I liked one comment I read on Hacker News, which said that like a lot of Engineers, they had a natural dislike of regulations. We love the idea of the Victorian era where you built a bridge and it might collapse or it might not! We do not live there anymore: the danger we can present by abusing the trust that people put in us means we need to take this seriously and, like the DPA, the GDPR is not really complex at all! Read the principles here: principles and tell me that these principles are complicated?

"But the wording is vague!". Yes, that's always the case in regulations. If you over-prescribe the wording, then it doesn't fit into all the hundreds of thousands of companies that are trying to apply it. "What does lawfully mean?" You should know that for your business already, otherwise what are you doing?

In fact, despite all of the extra guidance, most of us could probably make a good stab at being compliant with these principles just from here. 

"Collected for specified, explicit and legitimate purposes" This sounds easy enough, tell them what you are doing and why!

The rest of the principles and these are explained (right to access, right to object etc.) are all fairly easy to understand, their reason is mostly pretty obvious and although some of them might be a pain (you cannot charge for access requests), they are not hard. In fact, they are much harder for larger companies who are likely to have a large number of systems processing data, perhaps many legacy systems that are not easily updated. So we can't really complain about the complexity.

Sticky Bits

There are some additional requirements which are more onerous, but they are still reasonable from the legal point-of-view even if they are a pain.
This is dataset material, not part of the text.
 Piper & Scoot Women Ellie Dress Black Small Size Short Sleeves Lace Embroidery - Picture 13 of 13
The one I find the trickiest is the right of portability: "The right to data portability allows individuals to obtain and reuse their personal data for their own purposes across different services." It is best understood with an example:

I sign up to a healthcare provider that takes all my medical data from hospitals and doctors and uses it to provide the service. I then decide that another company offers a better package but the first service has all my data and under the older regulations, that was tough luck! The new regulation is quite heavy on the idea that the first service must allow export in a "reasonable format" (presumably for certain industries this might already exist).
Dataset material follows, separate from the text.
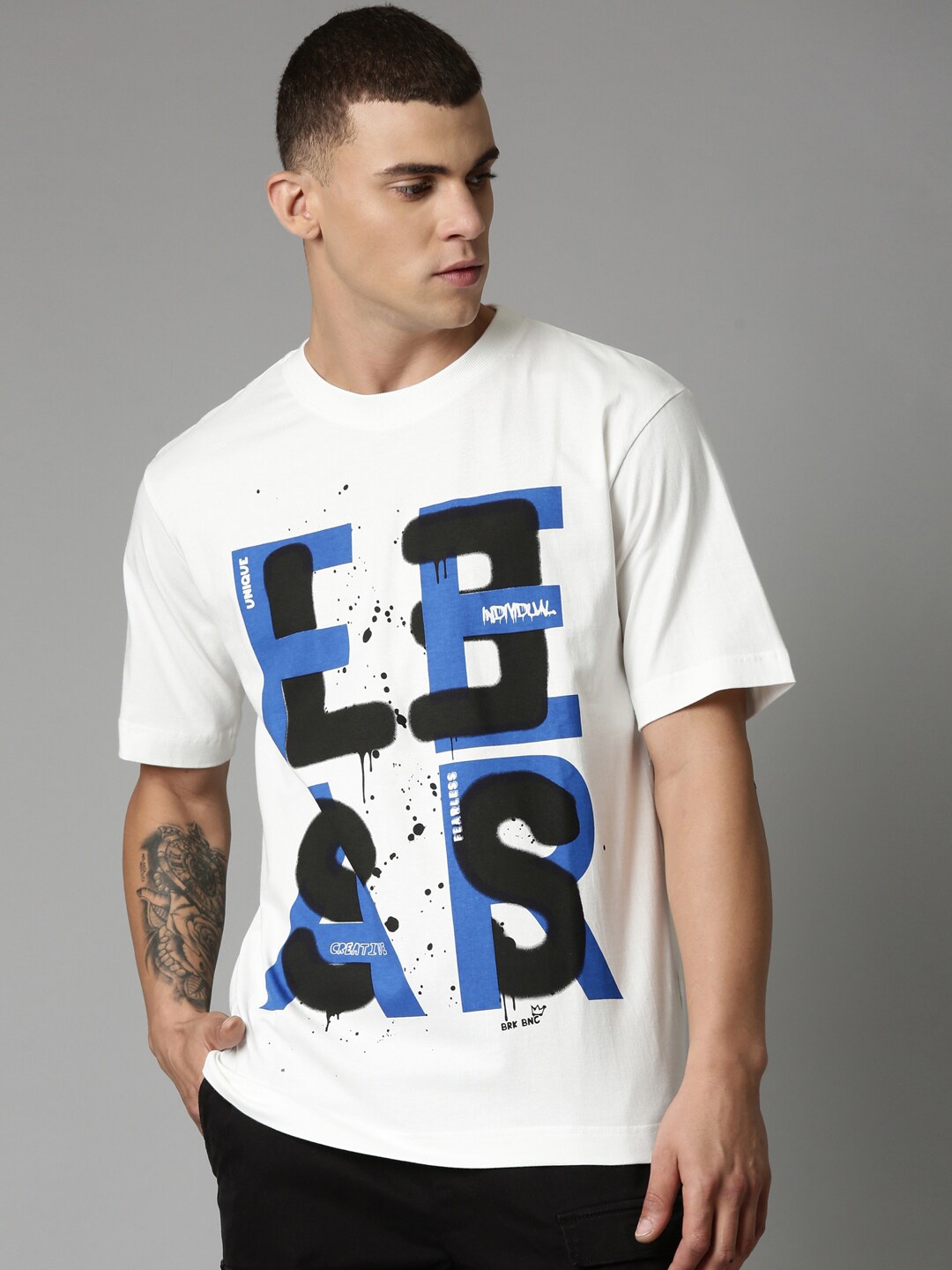 

Breakbounce White Typography Printed Cotton Relaxed Fit T-Shirt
The idea is that it is your data so the service provider should not be allowed to silo it for their own use. Fair idea, understandable, but possibly a real pain for some organisations!

Another principle is that Data Processors are also legally liable for data handling, whereas previously, only the Data Controller is. For example, a company uses another company for storing Backups. The Backup company loses the data, which 'belongs' to the Data Controller, therefore, they are in the firing line. In the new regulations, the Processor (the Backup company) are liable for their own failings. Again, this is reasonable. I assume the Contractors I use are professional and following all the relevant regulations, how can I know if they are doing something dodgy?

Conclusion

Although the GDPR will create work for people who have not previously worked under a Data Protection Act, as regulations go, it is written in clear language that most professionals would understand without specific legal advice.

The idea that there is any risk that is disproportional to other new regulations is also groundless since the ICO have clearly said the higher end of the fines is for persistent and deliberate offenders. The workload for the ICO will be so large in the UK, that it is virtually a given that a small mistake in your system would warrant nothing more than a warning letter (if that).

There are weaknesses in the legal process and it does make legal experts and lawyers lots of money and that is a different problem to solve. If we needed an example to prove these problems in the legal world, however, the GDPR would not be one of them!